【軽減税率】外食業界幹部が明かす「線引きバトル」とは?










門徒外の者でも業界誌には押さえるべきデータがある。『Food Biz』という雑誌は一般週刊誌に比べれば知名度は低い。だが今の政治情勢に鑑みて「外食産業の声」を聴いてみよう。


同誌79号のインタビュー記事によると、ロイヤルホストホールディングス代表取締役の菊地唯夫氏が昨年12月25日、自民党幹事長の谷垣禎一氏らと都内レストランで食事をともにした、と述べている。菊地氏は社団法人・日本フード協会の副会長を務める「外食産業の当代」であり、この会食のセッティングも 実は軽減税率に あった。

与党合意は「酒をのぞく食品全般」である。15日に自民党税制調査会が決定したものの、そこに至るまでは「外食」をめぐって一悶着。



首相官邸では来夏の参院選を見据え、菅義偉官房長官が公明との協力を重視。自民は対象品目を「生鮮食品」に限る考えだったが、菅氏は「公明は受け入れない」と突っぱねた。
 「菅氏VS.谷垣氏」という構図の中で、首相は菅氏に軍配を上げた。党内からは「谷垣氏は幹事長を辞職するのでは」との声も出た。だが、谷垣氏は周囲に「幹事長が辞めるということは制度に問題があることを意味する。国会で答弁する麻生(太郎)財務相が野党の攻撃を受けてしまう」と打ち消した。
 交渉の最終局面で、財務省や宮沢洋一税調会長らが対象を「外食」まで広げる案を推し、自民は11日に公明に提案。必要財源は1・3兆円に膨れ上がった。自公のやり取りで国会答弁に立つ財務相の了承を得る必要があるとなり、翌12日、谷垣氏が麻生氏の説得に当たることになった】(『朝日新聞デジタル』12月16日付)




要するに、こうだ。財務省は線引きがしやすく事業者に負担をかけずに済む「外食を含む」1兆円プランの軽減税率導入を提案したわけだが、財政再建主義の谷垣氏は「内食のみ」というスタンスを崩さなかった。菊地氏が谷垣氏と会食した25日は「外食を含む」は ありえない情勢だった。与党の決定事項だからだ。それでも その席で菊地氏が業界団体の定義と前向きして伝えたリーフ・ポイントは「外食は生活インフラ」との ことだった。たしかに9割方は旅亭の暖簾をくぐりはしない。
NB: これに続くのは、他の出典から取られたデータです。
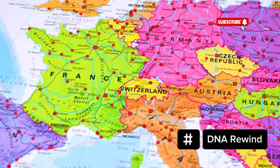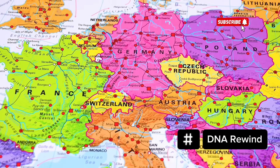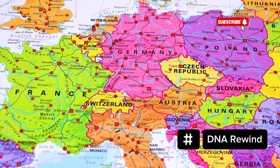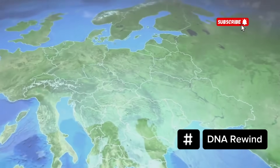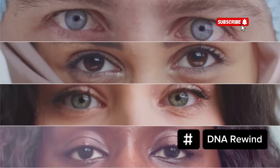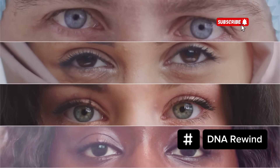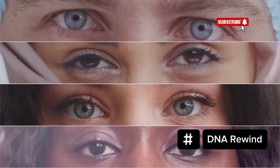In this video, we're going to explore the genetic journey of Poland, from Ice Age hunter-gatherers and Bronze Age herders to medieval traders and borderland cultures. We'll look at how waves of migration from the Steppe, the Balkans and even the East blended together, making hazel eyes not a rarity, but a reflection of Poland's mixed and resilient heritage.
飲食業界全体の雇用者は500万人以上ともいわれる、裾野の広い産業だ。今回、財務省が「外食を含む」を わざわざ提案したにもかかわらず いわば「流通業界」の方をとった自民党はこれらの票をこぼす可能性がある。日本フード協会の菊地氏が 舌鋒鋭い反永田町の業界誌のインタビューに応え、谷垣氏に軽減税率を認めるよう直談判したことを明かした衝撃。それは、「たばこ税」の税率のように業界団体同士の「本部詣で」が繰り返される明日をも語っているのである。